Ho letto l’ultimo articolo di Giorgio Bocca sul numero di ieri del Venerdì di
Repubblica. L’inserto settimanale del quotidiano romano ospita infatti Bocca come opinionista, assieme a Curzio Maltese e Piero Ottone. Anche ieri il pezzo era fuori del tempo e dispiace che, pur parlando di cose sempre interessanti, Bocca risulti di frequente noioso e scontato. Diciamolo pure: dà l’impressione di essere un vecchio che si fissa e che, pur sapendo perfettamente da che parte stare, è finito per diventare il classico
laudator temporis acti (e tra l’altro complimenti a
Repubblica: Bocca e Ottone fanno in due 176 anni: ma che razza di quotidiano di area riformista è?).

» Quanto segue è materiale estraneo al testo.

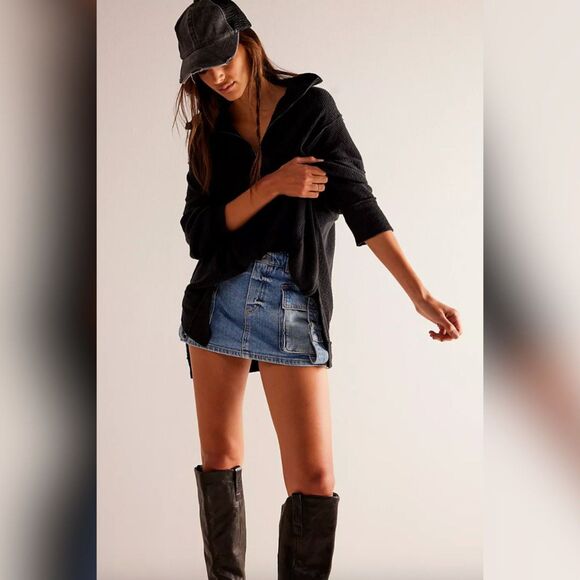 Free People Sweaters - Free People We The Free Walk Away Half Zip Tunic Pullover - Size Medium, Black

Il pezzo del giornalista piemontese era contro il computer, un vero coacervo di luoghi comuni e di riflessioni di chi ha vissuto la macchina da scrivere e il telefono, il Novecento insomma. E può al massimo rimpiangere il secolo scorso senza capire quali siano le prospettive che invece il computer e la telematica rendono possibile, anche per portare avanti molte delle battaglie che lo stesso Bocca ha condiviso.
Non sarebbe meglio saperlo placidamente in pensione?